Extracted entries: Begin

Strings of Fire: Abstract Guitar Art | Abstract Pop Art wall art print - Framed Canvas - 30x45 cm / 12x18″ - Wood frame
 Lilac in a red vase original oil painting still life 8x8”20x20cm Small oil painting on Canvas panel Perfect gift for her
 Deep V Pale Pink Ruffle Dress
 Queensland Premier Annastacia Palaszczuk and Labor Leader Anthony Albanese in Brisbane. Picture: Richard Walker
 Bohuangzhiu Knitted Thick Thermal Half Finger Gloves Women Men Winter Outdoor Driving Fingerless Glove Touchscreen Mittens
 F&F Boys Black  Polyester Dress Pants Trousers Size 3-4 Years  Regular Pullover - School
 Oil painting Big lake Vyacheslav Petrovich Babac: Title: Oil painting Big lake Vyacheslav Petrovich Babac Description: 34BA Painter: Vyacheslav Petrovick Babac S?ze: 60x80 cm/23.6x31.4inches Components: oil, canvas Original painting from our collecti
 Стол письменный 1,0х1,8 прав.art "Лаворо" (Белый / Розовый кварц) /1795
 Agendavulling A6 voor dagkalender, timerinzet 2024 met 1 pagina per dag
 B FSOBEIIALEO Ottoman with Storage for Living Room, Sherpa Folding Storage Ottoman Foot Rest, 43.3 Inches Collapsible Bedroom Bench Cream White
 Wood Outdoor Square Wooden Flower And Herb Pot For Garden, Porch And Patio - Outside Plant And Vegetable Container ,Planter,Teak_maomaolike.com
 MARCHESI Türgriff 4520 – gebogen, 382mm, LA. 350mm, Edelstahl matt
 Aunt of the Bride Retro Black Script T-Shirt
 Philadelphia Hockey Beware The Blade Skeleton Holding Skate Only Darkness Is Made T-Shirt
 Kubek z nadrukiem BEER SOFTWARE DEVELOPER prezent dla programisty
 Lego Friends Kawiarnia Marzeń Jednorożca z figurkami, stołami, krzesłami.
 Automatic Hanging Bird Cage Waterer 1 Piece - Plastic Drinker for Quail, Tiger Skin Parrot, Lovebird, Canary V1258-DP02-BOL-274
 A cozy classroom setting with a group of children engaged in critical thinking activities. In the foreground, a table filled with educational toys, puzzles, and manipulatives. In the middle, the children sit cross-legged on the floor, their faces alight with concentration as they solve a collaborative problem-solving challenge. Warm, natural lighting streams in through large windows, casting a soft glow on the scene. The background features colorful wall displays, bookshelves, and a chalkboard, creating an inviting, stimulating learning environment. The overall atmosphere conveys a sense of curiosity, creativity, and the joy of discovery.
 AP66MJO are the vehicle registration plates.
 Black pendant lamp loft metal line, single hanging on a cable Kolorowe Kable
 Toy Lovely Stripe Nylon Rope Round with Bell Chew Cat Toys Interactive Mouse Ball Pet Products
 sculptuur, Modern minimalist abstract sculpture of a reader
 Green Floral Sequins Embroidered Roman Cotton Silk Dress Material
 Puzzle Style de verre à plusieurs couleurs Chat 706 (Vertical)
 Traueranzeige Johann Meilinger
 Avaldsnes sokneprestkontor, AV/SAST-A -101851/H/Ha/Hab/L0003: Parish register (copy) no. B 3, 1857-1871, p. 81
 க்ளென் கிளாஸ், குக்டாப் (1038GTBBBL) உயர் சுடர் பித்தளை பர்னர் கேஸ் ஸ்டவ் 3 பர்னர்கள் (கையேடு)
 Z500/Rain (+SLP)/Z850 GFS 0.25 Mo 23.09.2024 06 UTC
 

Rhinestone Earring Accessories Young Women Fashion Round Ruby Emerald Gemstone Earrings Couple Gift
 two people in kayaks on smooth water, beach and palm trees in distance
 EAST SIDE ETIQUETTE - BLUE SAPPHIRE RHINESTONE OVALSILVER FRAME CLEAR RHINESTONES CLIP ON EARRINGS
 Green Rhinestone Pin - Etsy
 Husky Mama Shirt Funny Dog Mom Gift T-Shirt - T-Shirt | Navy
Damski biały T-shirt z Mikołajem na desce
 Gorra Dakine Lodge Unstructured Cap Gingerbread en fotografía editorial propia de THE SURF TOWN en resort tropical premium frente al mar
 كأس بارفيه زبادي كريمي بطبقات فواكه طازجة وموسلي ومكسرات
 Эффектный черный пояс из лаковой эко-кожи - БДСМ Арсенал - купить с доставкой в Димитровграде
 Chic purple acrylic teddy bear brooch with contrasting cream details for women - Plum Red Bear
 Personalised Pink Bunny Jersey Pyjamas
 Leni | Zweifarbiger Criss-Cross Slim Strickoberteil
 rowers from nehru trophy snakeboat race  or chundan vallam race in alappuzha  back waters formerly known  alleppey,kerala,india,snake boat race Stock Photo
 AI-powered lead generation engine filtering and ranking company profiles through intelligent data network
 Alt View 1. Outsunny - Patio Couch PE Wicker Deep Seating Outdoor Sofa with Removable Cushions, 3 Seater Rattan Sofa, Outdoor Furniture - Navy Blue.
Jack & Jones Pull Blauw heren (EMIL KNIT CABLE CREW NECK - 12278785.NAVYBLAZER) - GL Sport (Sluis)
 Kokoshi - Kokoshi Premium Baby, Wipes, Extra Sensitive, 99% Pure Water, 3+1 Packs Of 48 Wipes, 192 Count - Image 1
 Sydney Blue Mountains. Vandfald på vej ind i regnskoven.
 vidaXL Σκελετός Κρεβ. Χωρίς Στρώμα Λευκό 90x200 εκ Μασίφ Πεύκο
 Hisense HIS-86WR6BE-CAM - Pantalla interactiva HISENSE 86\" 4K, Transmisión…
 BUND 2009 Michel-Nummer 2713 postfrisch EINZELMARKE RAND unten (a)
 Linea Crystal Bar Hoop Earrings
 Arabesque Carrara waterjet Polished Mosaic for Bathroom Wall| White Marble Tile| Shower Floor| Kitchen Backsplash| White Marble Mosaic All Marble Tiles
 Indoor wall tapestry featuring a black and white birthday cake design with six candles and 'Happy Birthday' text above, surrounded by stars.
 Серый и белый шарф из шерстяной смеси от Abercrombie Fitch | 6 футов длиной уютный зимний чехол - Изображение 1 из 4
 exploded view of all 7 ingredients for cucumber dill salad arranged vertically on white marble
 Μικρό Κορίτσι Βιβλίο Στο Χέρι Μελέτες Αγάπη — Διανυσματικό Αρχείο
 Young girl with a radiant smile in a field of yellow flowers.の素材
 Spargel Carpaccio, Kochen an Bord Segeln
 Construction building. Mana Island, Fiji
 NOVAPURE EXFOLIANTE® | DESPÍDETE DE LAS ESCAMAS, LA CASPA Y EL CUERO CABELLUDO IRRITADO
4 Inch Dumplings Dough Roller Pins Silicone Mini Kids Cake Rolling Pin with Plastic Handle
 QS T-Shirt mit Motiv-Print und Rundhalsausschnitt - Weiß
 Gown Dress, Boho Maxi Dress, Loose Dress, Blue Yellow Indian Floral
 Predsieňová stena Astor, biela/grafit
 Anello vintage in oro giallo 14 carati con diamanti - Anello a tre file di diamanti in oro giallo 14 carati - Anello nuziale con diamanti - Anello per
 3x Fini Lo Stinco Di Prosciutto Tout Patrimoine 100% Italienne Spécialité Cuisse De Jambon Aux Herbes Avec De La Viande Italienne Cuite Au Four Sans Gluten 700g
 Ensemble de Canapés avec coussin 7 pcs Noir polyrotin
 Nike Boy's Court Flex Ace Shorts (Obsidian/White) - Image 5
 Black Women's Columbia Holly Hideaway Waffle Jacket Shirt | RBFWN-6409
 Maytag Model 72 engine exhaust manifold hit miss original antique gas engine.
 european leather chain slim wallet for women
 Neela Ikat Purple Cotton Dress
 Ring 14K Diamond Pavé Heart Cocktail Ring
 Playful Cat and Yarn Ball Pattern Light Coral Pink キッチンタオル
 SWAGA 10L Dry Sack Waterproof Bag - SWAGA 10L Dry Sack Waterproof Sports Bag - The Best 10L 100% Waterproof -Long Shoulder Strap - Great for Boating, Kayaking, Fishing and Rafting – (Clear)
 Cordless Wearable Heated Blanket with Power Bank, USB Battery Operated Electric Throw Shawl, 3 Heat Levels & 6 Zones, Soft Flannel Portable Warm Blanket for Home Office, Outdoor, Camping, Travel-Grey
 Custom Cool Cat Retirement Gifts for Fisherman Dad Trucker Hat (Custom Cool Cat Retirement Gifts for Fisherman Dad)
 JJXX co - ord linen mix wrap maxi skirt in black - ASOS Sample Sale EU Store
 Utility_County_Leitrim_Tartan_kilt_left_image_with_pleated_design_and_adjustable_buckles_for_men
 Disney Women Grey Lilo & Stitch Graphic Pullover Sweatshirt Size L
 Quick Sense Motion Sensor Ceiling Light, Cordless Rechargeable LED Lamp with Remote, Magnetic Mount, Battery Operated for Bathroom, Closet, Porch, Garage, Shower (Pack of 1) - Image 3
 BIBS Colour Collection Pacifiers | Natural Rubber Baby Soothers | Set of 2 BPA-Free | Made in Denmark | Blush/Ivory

Extracted entries: End

The lines holding the string "Baby" in the listing above are what you should copy out.

Finished exercise -
 Kokoshi - Kokoshi Premium Baby, Wipes, Extra Sensitive, 99% Pure Water, 3+1 Packs Of 48 Wipes, 192 Count - Image 1
 BIBS Colour Collection Pacifiers | Natural Rubber Baby Soothers | Set of 2 BPA-Free | Made in Denmark | Blush/Ivory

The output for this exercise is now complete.